Monday, September 28, 2009

In the interim...

I've got more stories from my trip to the countryside that I will be posting in the next day or two, but in the interim I'll tell you about the picnic I had with my family yesterday.

I had originally wanted to visit the Museum of Mongolian Traditional Medicine this Sunday and my host family in UB said they would be happy to accompany me (my host father is a doctor of traditional medicine...I watched him do acupuncture in our living room.) but when I woke up that morning my mother said that her brother was going to a monastery and asked if I wanted to come. Of course I did, so I postponed the museum outing for the time being. After a fresh breakfast of eggs, 'sausage,' cucumbers and yellow rice tea (like milk tea, but with sauteed yellow rice kernels added into the mix) my uncle, aunt, and two cousins arrived at our house with a Chinngis Khaan hot water thermos and a bag full of apples.

We piled nine people into their low-rolling van and set out. I thought we were driving to the Gandon Monastery in town, but as it turned out we started driving to the next aimag over, Tuv. Forty five minutes and a flat tire later we arrived at the gates of Manzhir monastery park. At most parks or famous sites foreigners have to pay two to sometimes five times the entrance fee, but my host mother successfully told the fare collector that I was her daughter and I got in Mongol price.

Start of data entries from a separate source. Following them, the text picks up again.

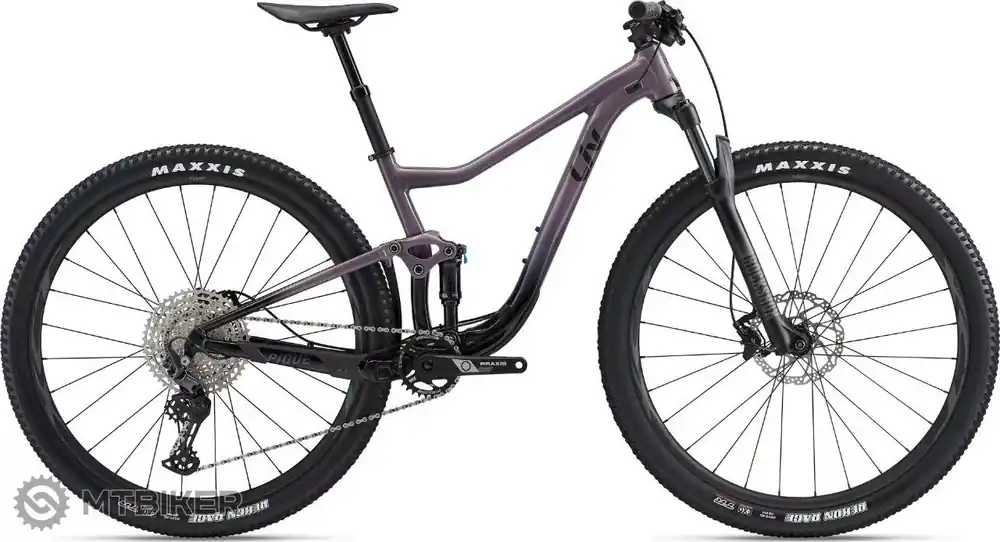 Nejlepší Cena Liv Pique 2 29 dámské kolo, purple ash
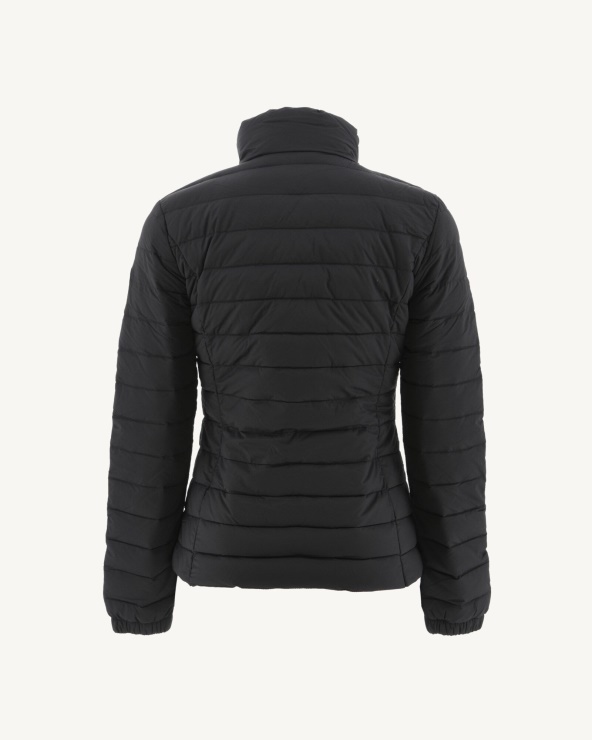 Jott Hafif Aşağı Ceket Noir Yeşim
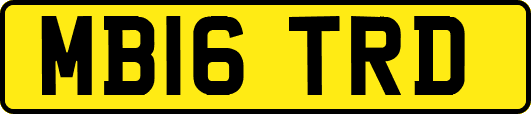 MB16TRD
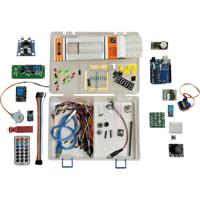 Allnet ArdDevKIT1_v2 Starterkit Starter Kit UNO R.3 SET ATMega328 Geschikt voor (Arduino boards): Arduino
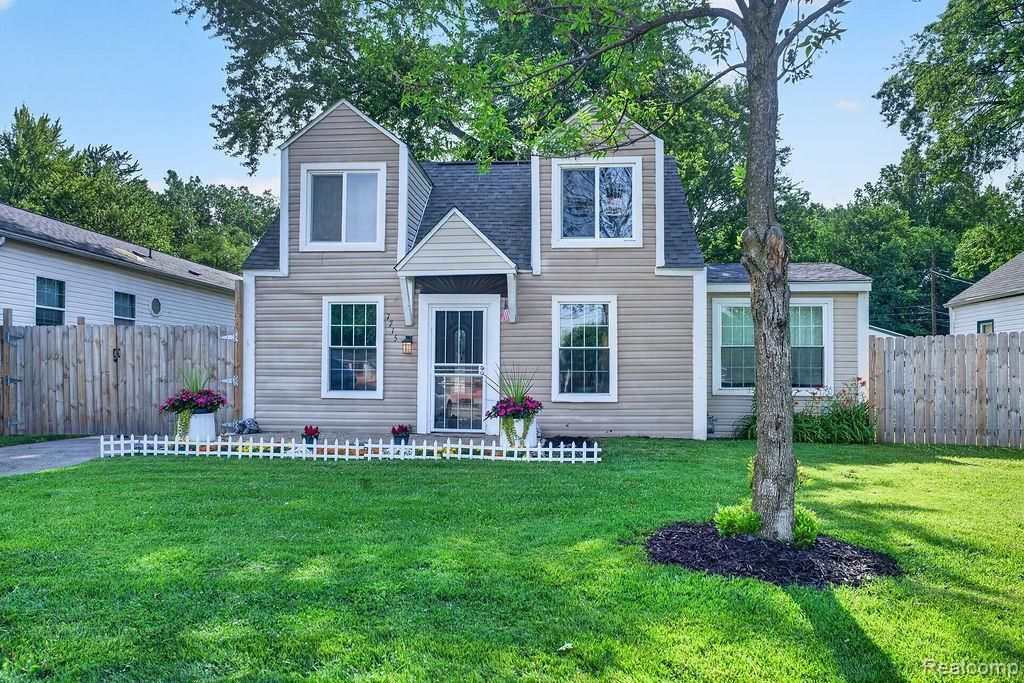 7715 Beech Daly Road, Taylor city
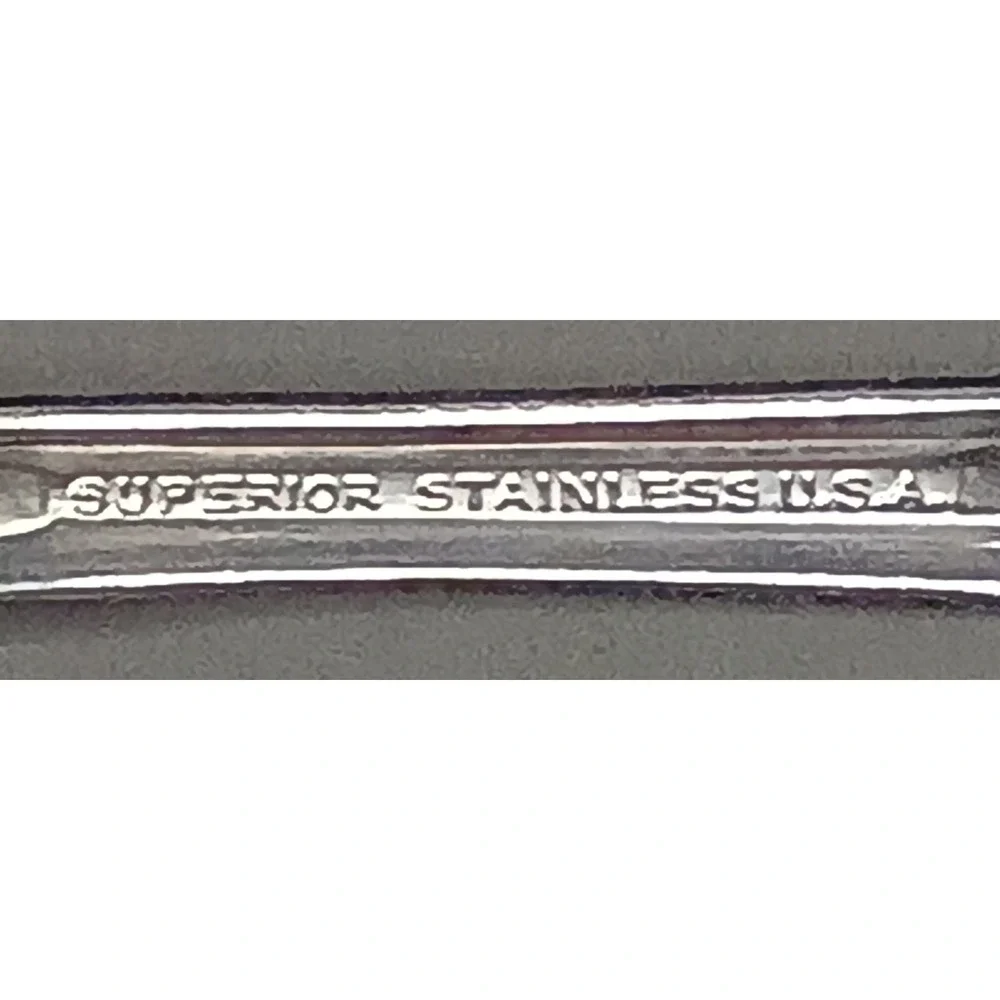 Dynamic (Stainless) by International Silver‎ - 4 pieces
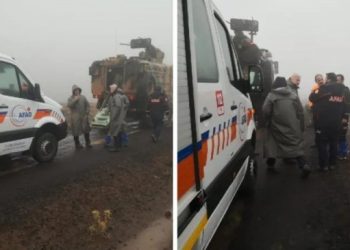 Kayıp çocuğu arama çalışmalarına hava muhalefeti engeli
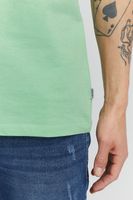 classique BLEND BDLingo homme débardeur avec col rond shirt sans manches 20714921ME-156114 Turquoise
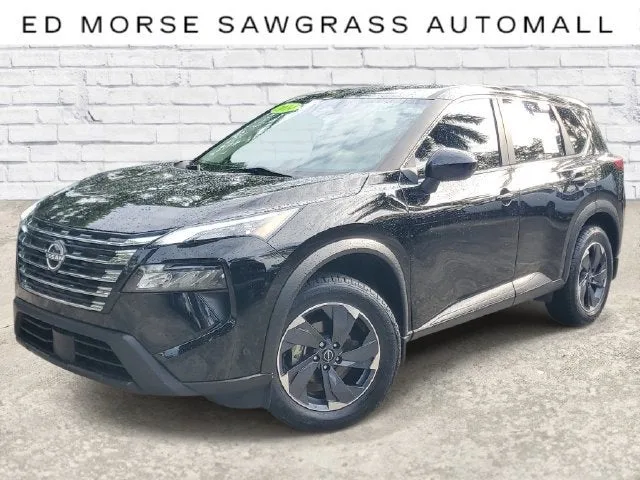 2024 Nissan Rogue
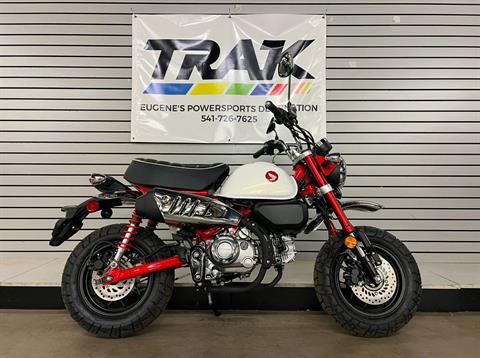 2025 Honda Monkey ABS in Eugene, Oregon - Photo 1
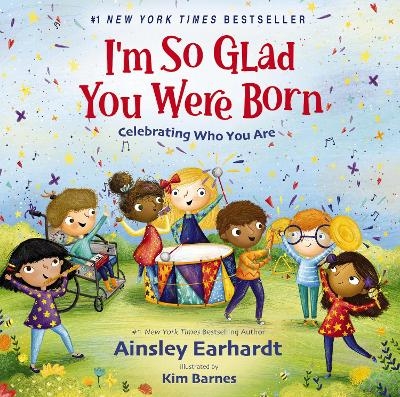 I'm So Glad You Were Born - Ainsley Earhardt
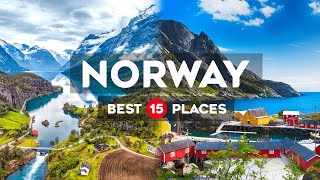 15 Best Place To Visit In Norway 2024 | Travel Guide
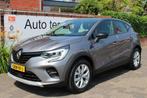 Renault CAPTUR TCe 1.3i 16V 140 pk Mild Hybrid Zen  met slec, Voorwielaandrijving, Gebruikt, Euro 6, 4 cilinders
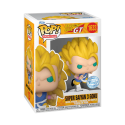 DRAGON BALL GT - POP Animation N° 1633 - Super Saiyan 3 Goku Pop figures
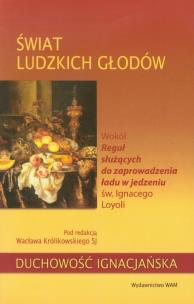 Okładka książki Świat ludzkich głodów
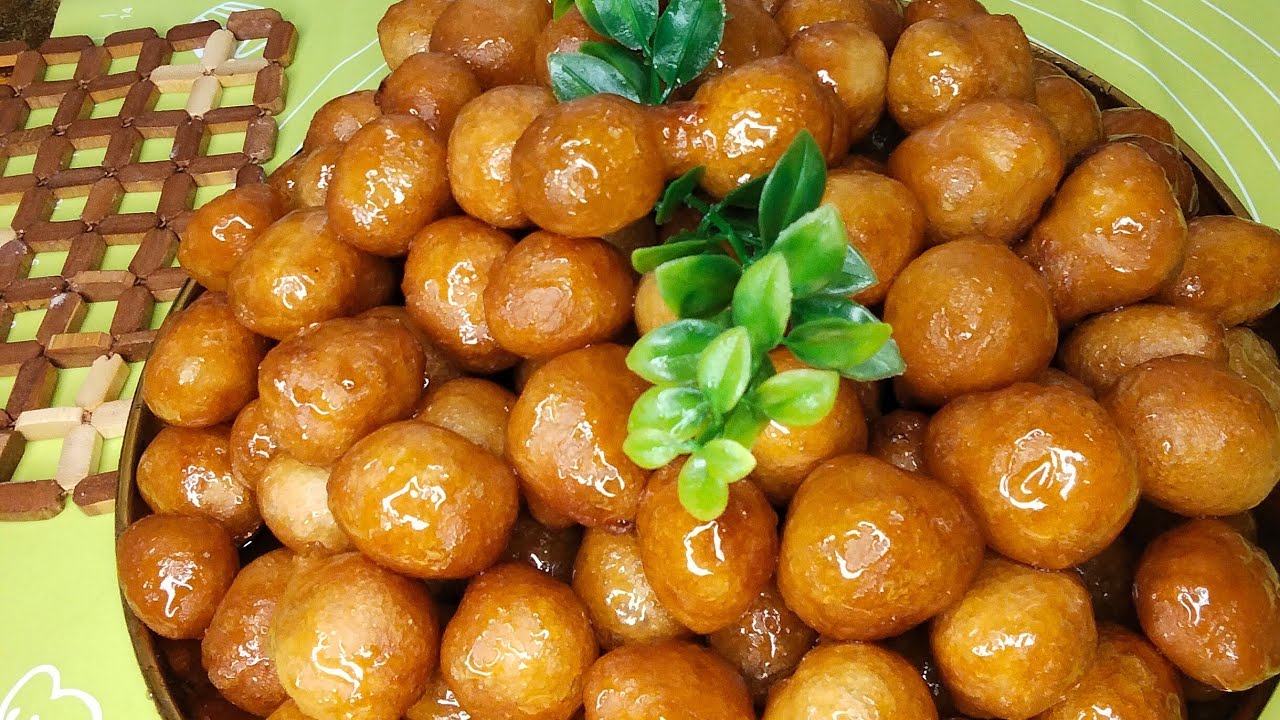 طريقه الزلابيه المقرمشه الهشه الخطيره هنعملها زى المحلات واحسن كمان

We pulled into the parking lot filled with tourist buses and minivans, poured all nine people out of the van and started up the hill. Manzhir is one of many monasteries that were destroyed during the religious oppression under Soviet control. All that stood was the clay bricks of a foundation, a partially reconstructed wooden building turned museum and the modest wooden roofs scattered across the mountains face protecting large paintings of Guatama Buddha on the largest of outcropped boulders. My host father and mother are both practicing Buddhists, so the summit to each hut yielded whispered prayers and bowed heads.

I was es tactic to have an opportunity for climbing. Being in a crowded district and just coming out of a cold front the air quality in UB is horrendous and will only get worse, inhibiting my runs or any form of exercise out of doors. My mother called me a mountain goat as I hopped up the rocks to the peak where an ovoo had been erected overlooking the valley. After circling it three times in solitude, my family finally caught up to me and we decided to descend back down to our van.

At the base, my father and uncle went down to the car while the rest of us staked out our picnic spot for our late afternoon meal. When we found a few square meters of stone free grass my uncle and father returned with a rolled up carpet on one shoulder and bags and bags of food and drinks. We rolled out the floor rug, removed our shoes and began the feast and I mean feast.

My mother feeds me like there's no tomorrow. Even when my hands were full with an apple and half a sandwich she reached out to me with a cookie and yet another sandwich and said, 'Eat Lindsay, eat.' We had three loaves of bread, apples, grapes, oranges, chocolate cookies and wafers, pickles, salami and the holy grail of Mongolian picnics, an entire pig's head. My uncle whipped out the cutting board and started slicing pieces of fat from it's neck and ears. Shortly followed by my mother making me another sandwich. I tried to explain to them that I prefer the leaner meats, but my attempts were lost in translation and my ability to reiterate my preferences obstructed by the two other sandwiches I was being forced to eat.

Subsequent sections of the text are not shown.